Эти спасительные слова человека, даровавшего Онисиным привилегию, пролетели по тусклым коридорам здания комиссариата и словно бы заглянули в пару кабинетов. Светлана Матвеевна, быстро уложив все, передала сверток офицеру, и тот быстро проскользнул назад через проходную. За ним лязгнула железная дверь.

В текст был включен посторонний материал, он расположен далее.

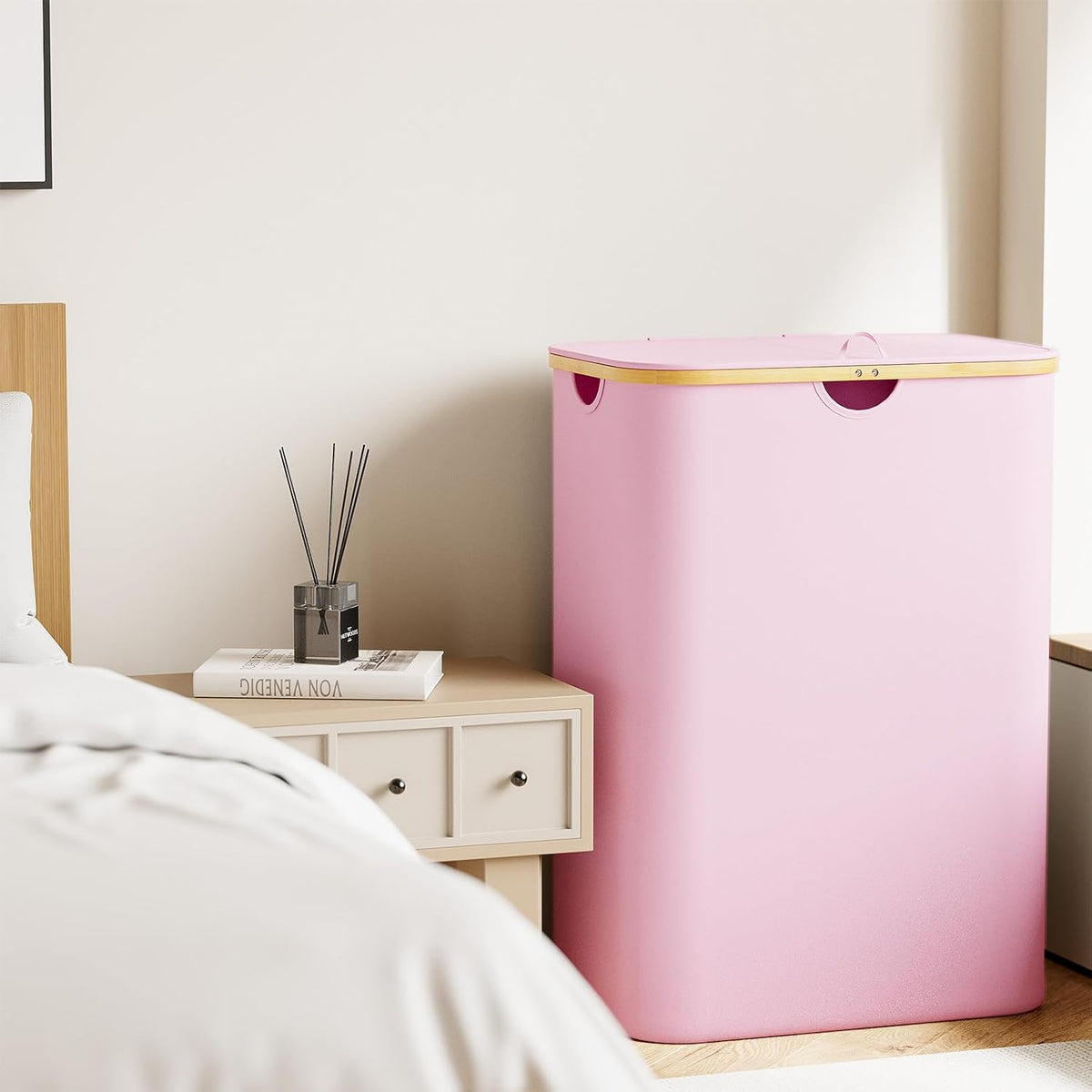 Double Laundry Hamper 2 Section with Lid and Removable Laundry Bags, 160L Clothes Basket with Bamboo Handles, Large Collapsible Hamper for Bedroom, Bathroom, Dorm, Laundry Room - White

В тот день майор государственной безопасности Тимофей Афанасьевич Черненко почувствовал, что одинок, как никогда в жизни. За излишнюю разговорчивость с сотрудником комиссариата и заинтересованность в том, чтобы дать ему взятку (за так называемое «одолжение» для супруга) Светлане Онисиной могли бы задать жару, но в этот день удача прочно стояла на ее стороне. Счастливые мать с сыном вылетели из государственного учреждения, не оборачиваясь.

С подозрительностью, читающейся во взгляде соседки Онисиных — Зуевой Галины Никаноровны, учительницы литературы школы №52, — Светлана Матвеевна столкнулась вечером того самого дня во время очередного дежурства на лестничной клетке. Женщина, обитающая в квартире напротив, держа авоську, поднималась вверх по ступенькам. Бросила коварный взгляд на Онисину; ее улыбка застряла между кривых, неумело накрашенных, морщинистых губ.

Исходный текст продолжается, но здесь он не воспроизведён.